**AVAILABLE DATA**
—————

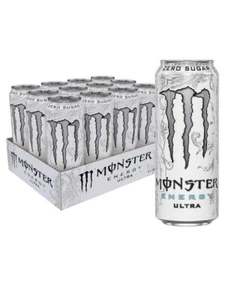 Monster Energy Drink Ultra Zero White Zero 12 x 500ml Cans FREE DELIVERY - Picture 1 of 2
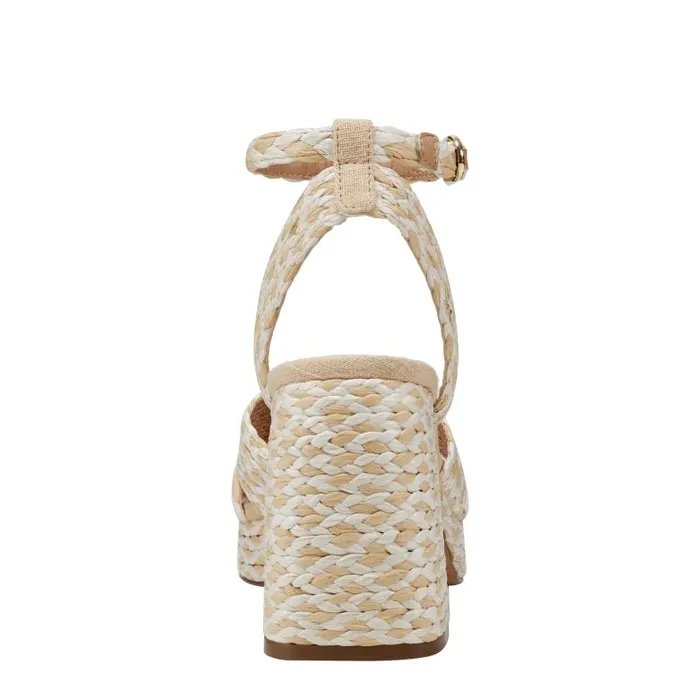 Marc Fisher Sandals Women Janie Platform Sandal Light Natural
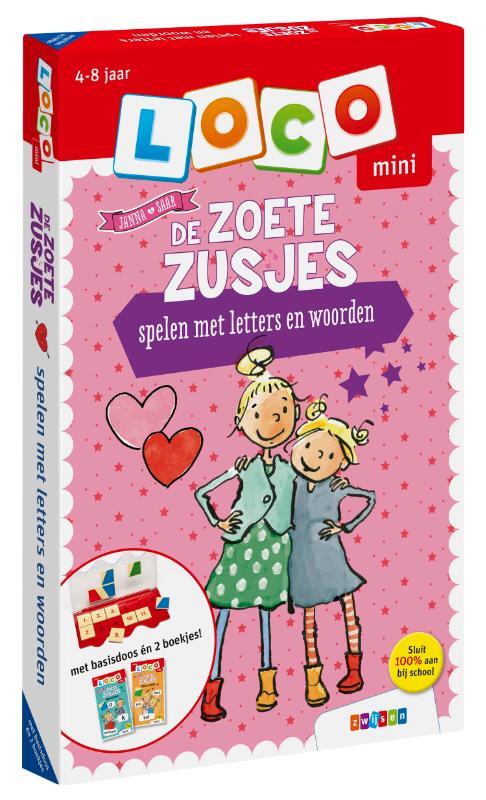 Loco mini De Zoete Zusjes spelen met letters en woorden -  Hanneke de Zoete (ISBN: 9789048755288)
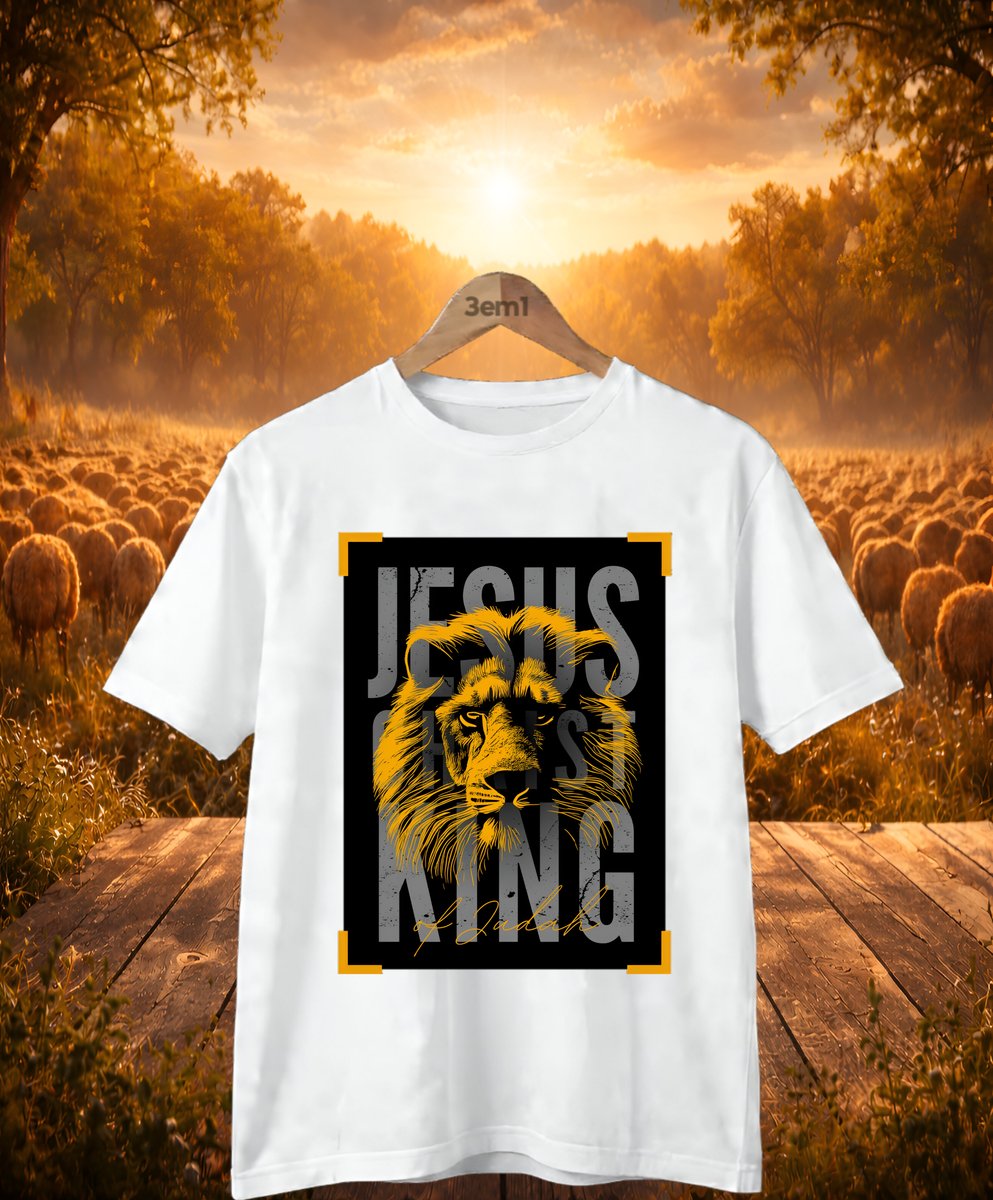 Nome do produto: Camisa - Cristã - Jesus is King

—————

**PROBLEM**
Output each line of the listing above, word for word, from the one holding "Marc Fisher Sandals" through the last line, both included; omit the pictures.

**RESULT**
 Marc Fisher Sandals Women Janie Platform Sandal Light Natural
 Loco mini De Zoete Zusjes spelen met letters en woorden -  Hanneke de Zoete (ISBN: 9789048755288)
 Nome do produto: Camisa - Cristã - Jesus is King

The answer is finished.